__What you need to do__: Copy only those lines which run from the line containing "Qigome Monoline Font" to the end of the entries below, both inclusive, exactly as written and with no pictures.

-- Opening Marker --

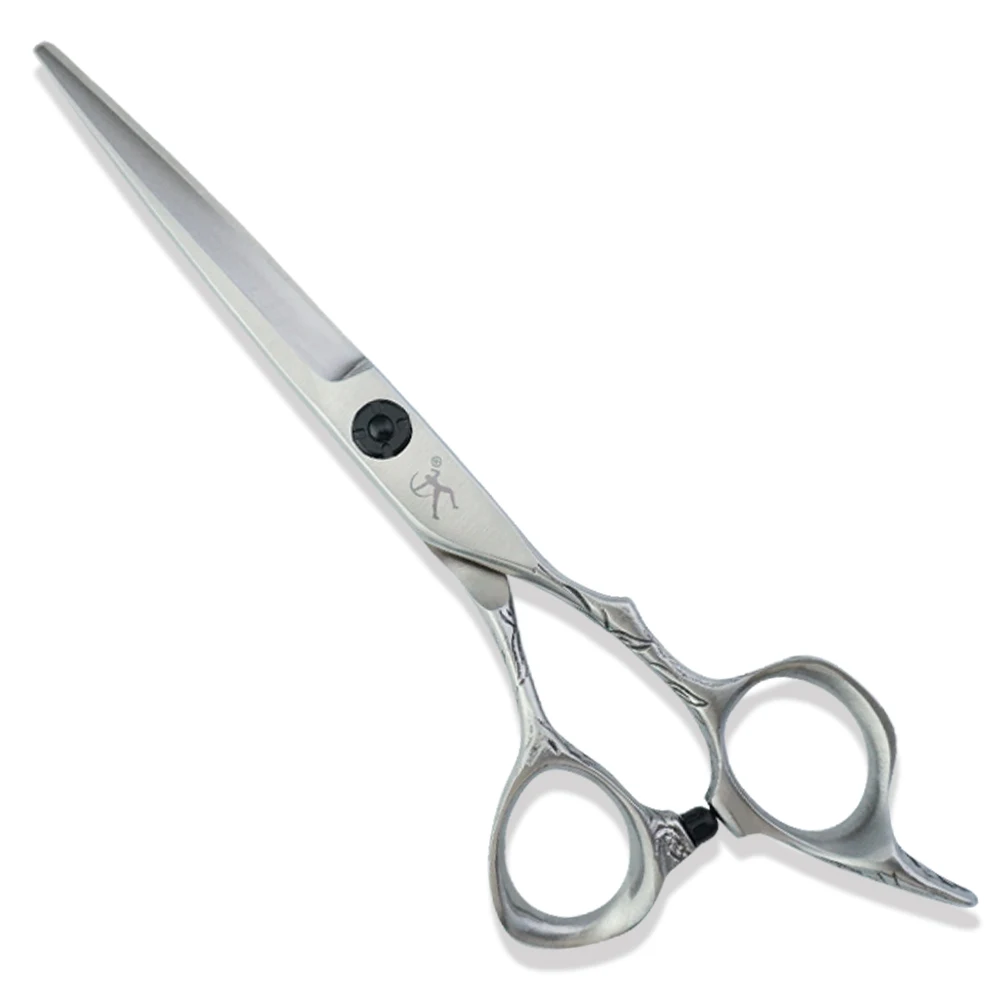 Titan high quality big screw thinning shears vg10 matte color  professional barber scissors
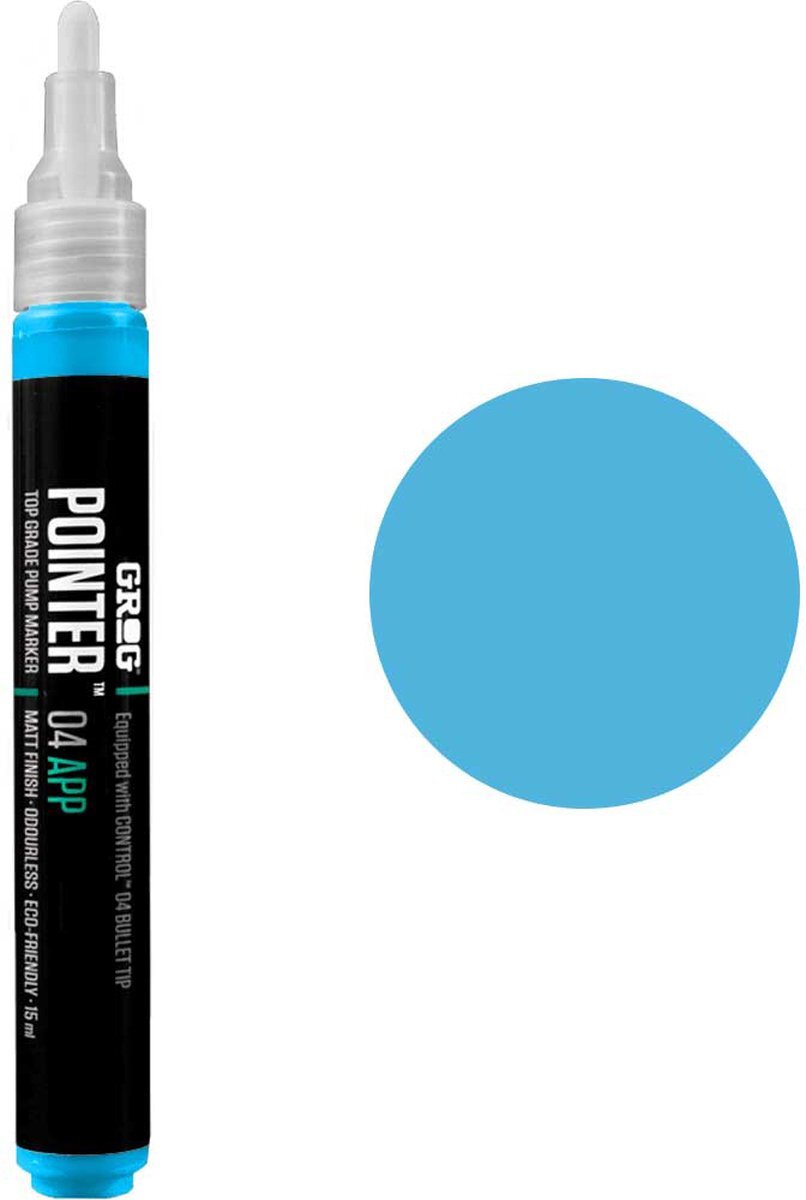 Grog Pointer 04 APP - Verfstift - Acrylverf op waterbasis - medium punt van 4mm - Iceberg Blue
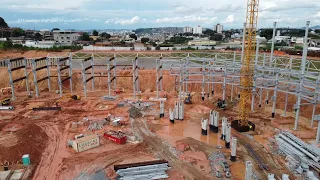 ARENA MRV MESMO COMO MUITA LAMA PESSOAL ESTÃO FIRME E FORTE COM OS TRABALHOS PARABÉNS.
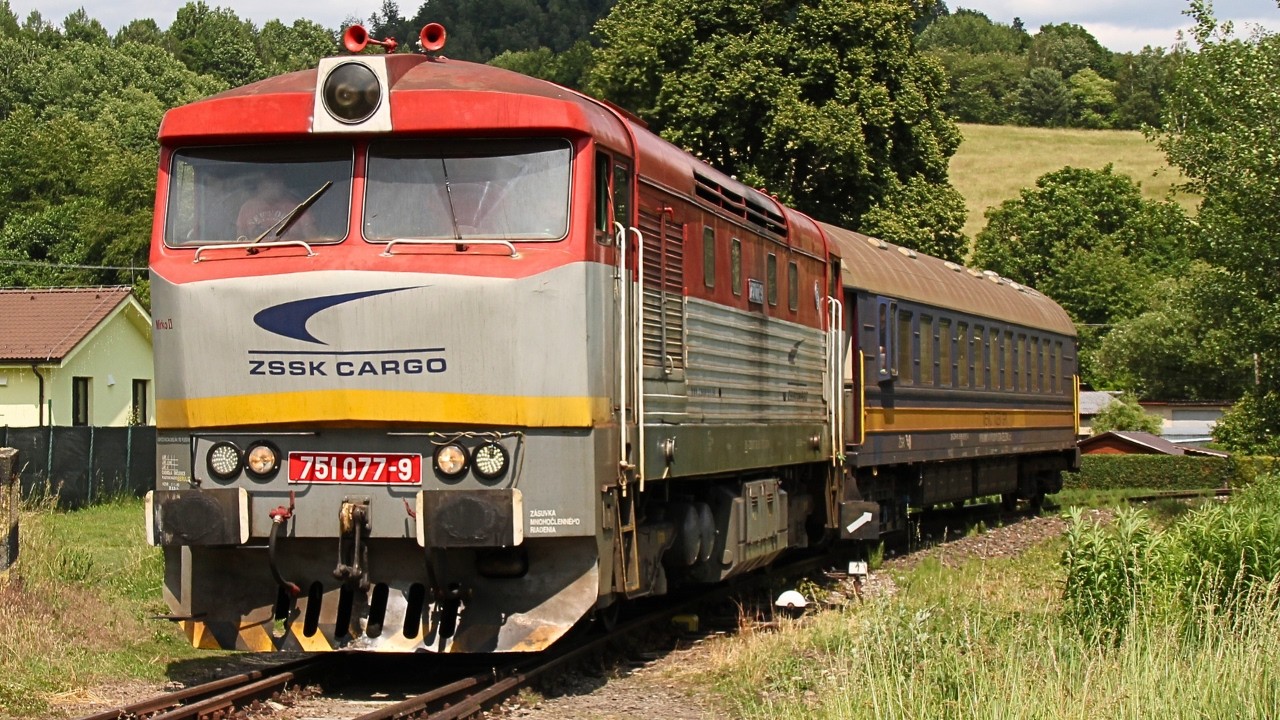 751.077 Merací vlak na trati ŽSR 166 9.6.2025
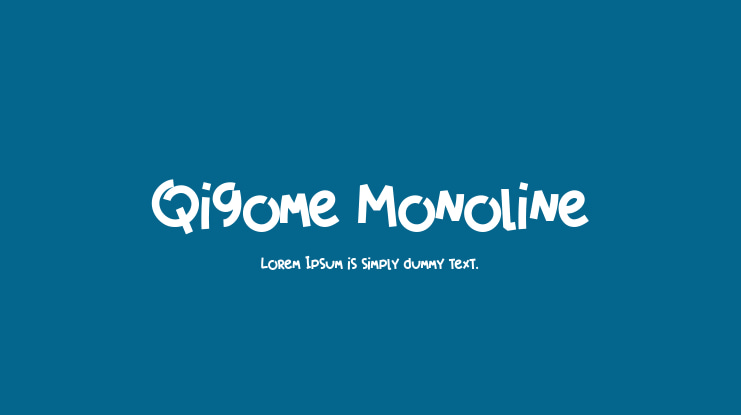 Qigome Monoline Font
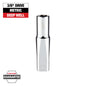 Milwaukee 3/8" Drive 10mm Metric Deep Socket with FOUR FLAT™ Sides — 45-34-0010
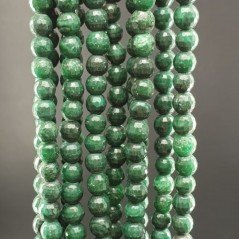 Diaspro Verde Scuro Perline Forma Tondo Sfaccettato 06mm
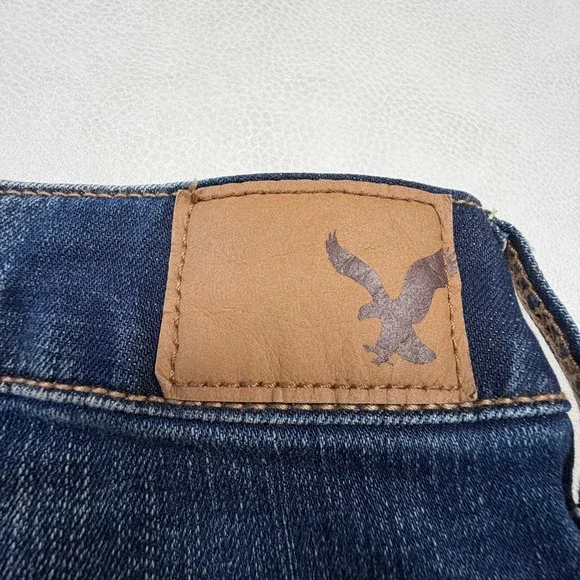 American Eagle Skinny Kick Jeans Womens 12 X-Long Dark Wash Super Stretch Denim - Picture 10 of 10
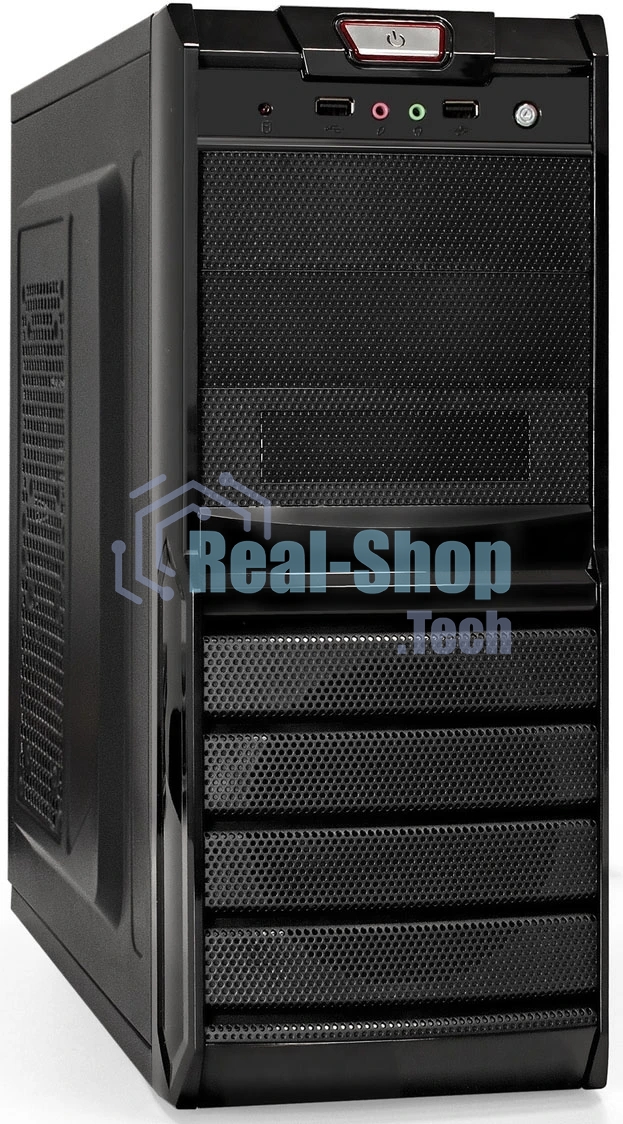 Компьютерный корпус Miditower ExeGate XP-329S-UNS450 (ATX, БП UNS450 с вент. 12см, 2*USB, аудио, черный)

-- Closing Marker --

__Expected answer__:
 Qigome Monoline Font
 Milwaukee 3/8" Drive 10mm Metric Deep Socket with FOUR FLAT™ Sides — 45-34-0010
 Diaspro Verde Scuro Perline Forma Tondo Sfaccettato 06mm
 American Eagle Skinny Kick Jeans Womens 12 X-Long Dark Wash Super Stretch Denim - Picture 10 of 10
 Компьютерный корпус Miditower ExeGate XP-329S-UNS450 (ATX, БП UNS450 с вент. 12см, 2*USB, аудио, черный)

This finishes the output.